Al netto dei toni coloriti del racconto, Feltri riferisce sostanzialmente di aver dimenticato di pagare il bollo in tempo e di aver dovuto penare tra vari sportelli perché non tutti sono abilitati a riscuotere anche i versamenti tardivi e perché lui non aveva in tasca il contante sufficiente (non è possibile pagare con quei bancomat e le carte di credito su cui da qualche tempo al ministero dell'Economia stanno puntando per la crociata contro l'uso del contante, ritenendolo un mezzo per celare evasione fiscale e riciclaggio di denaro sporco, anche se qualche esperto dice accoratamente che in realtà non è proprio così).
Evidentemente Feltri non sa che anche nella sua regione, la Lombardia, il bollo si può pagare stando tranquillamente sulla propria poltrona: basta avere una carta di credito e fare pochi clic sul sito dell'Aci.

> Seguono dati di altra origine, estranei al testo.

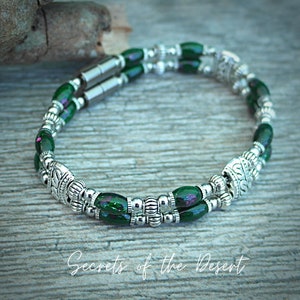 May include: A double-strand bracelet with green and silver beads. The bracelet has a magnetic clasp and features a decorative silver bead with an ornate design.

Il vero problema è che questo si può fare solo nelle regioni convenzionate con l'Aci. Nelle altre, no. Ci sono poi regioni dove si può pagare tramite banca, ma con regole e limitazioni via via diverse. E potrei andare avanti a descrivere le amenità di un sistema tanto variegato da essere diventato, da oltre 10 anni, sostanzialmente non più descrivibile da un essere umano. Quel che importa è capire come mai un tributo non si possa pagare con modalità snelle e uguali per tutti, ora che la telematica ha fatto passi da gigante e abbiamo festeggiato da un pezzo anche il 150esimo anniversario dell'unità d'Italia.

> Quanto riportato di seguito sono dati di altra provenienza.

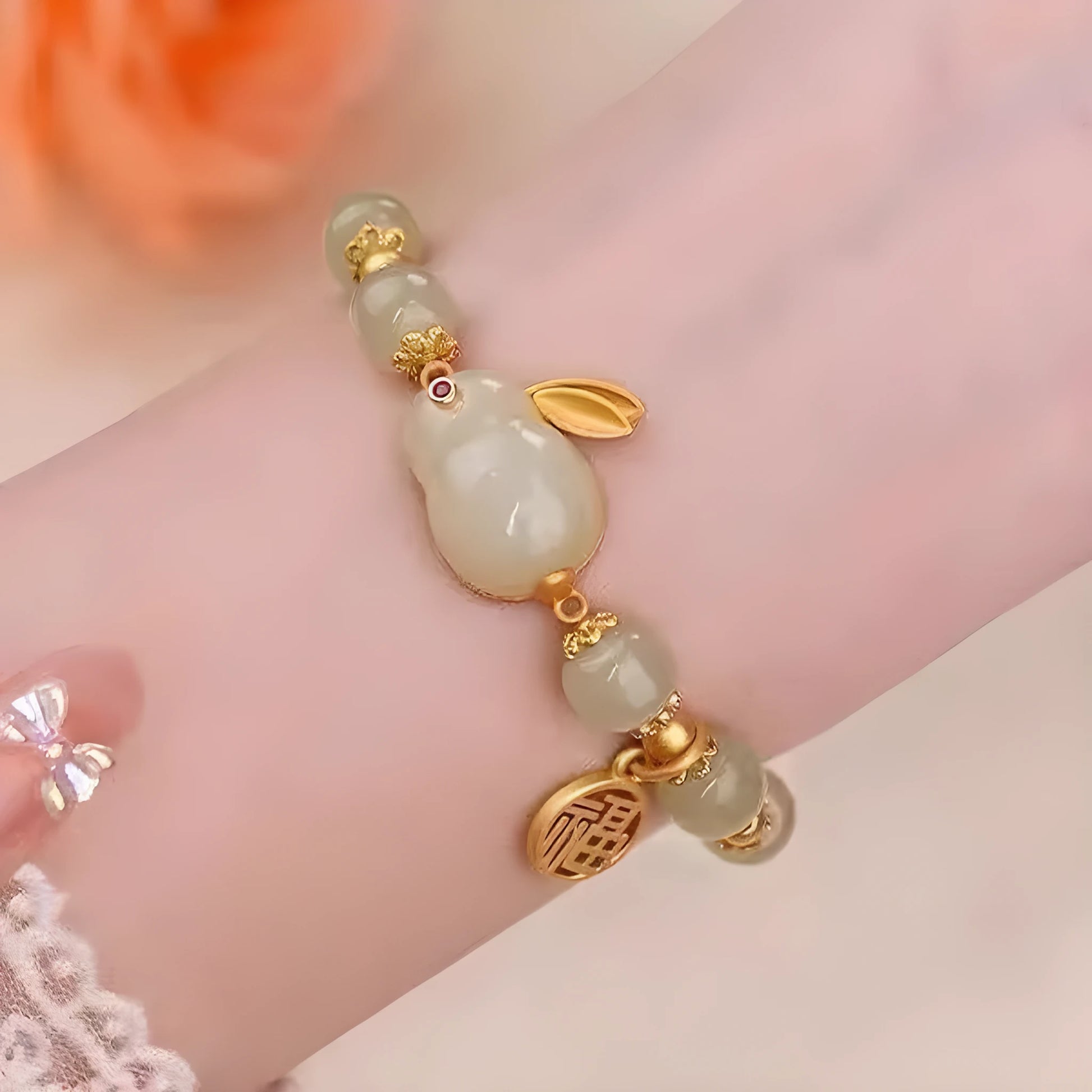 Green jade hare charm fu character bracelet with lily detail on black adjustable cord.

Qualcuno farà doviziosamente notare che c'è un servizio minimo uniforme in tutto il Paese, svolto da Poste, tabaccai e agenzie di pratiche automobilistiche, mentre il resto è qualcosa che ogni amministrazione regionale mette in piedi da sé e chi è più bravo si farà anche voler bene dai propri cittadini. In effetti, Feltri ha scelto proprio di avvalersi dei servizi minimi e per questo gli è andata come gli è andata. Però non è proprio vero che le Regioni facciano a gara a chi serve meglio i cittadini: lo scandalo scoppiato in Piemonte un anno fa dimostra che ci sono dietro anche precisi interessi. A rubare o anche semplicemente a mantenere in vita organizzazioni che potrebbero essere spazzate via dalla tecnologia, dalla crisi e dalla concorrenza, come sui mercati sta capitando da anni a tante aziende con tantissimi lavoratori.
Forse è anche per questi steccati artificiali che, a due anni dall'istituzione del superbollo (nato per colpire auto alla portata di Feltri e finito col penalizzare appassionati squattrinati), Regioni e agenzia delle Entrate non si sono ancora messe d'accordo su come consentire ai contribuenti di pagarlo assieme al bollo. Qualcuno ha il coraggio di spiegarci quali sono le insormontabili difficoltà tecniche che impediscono una divisione contabile degli incassi?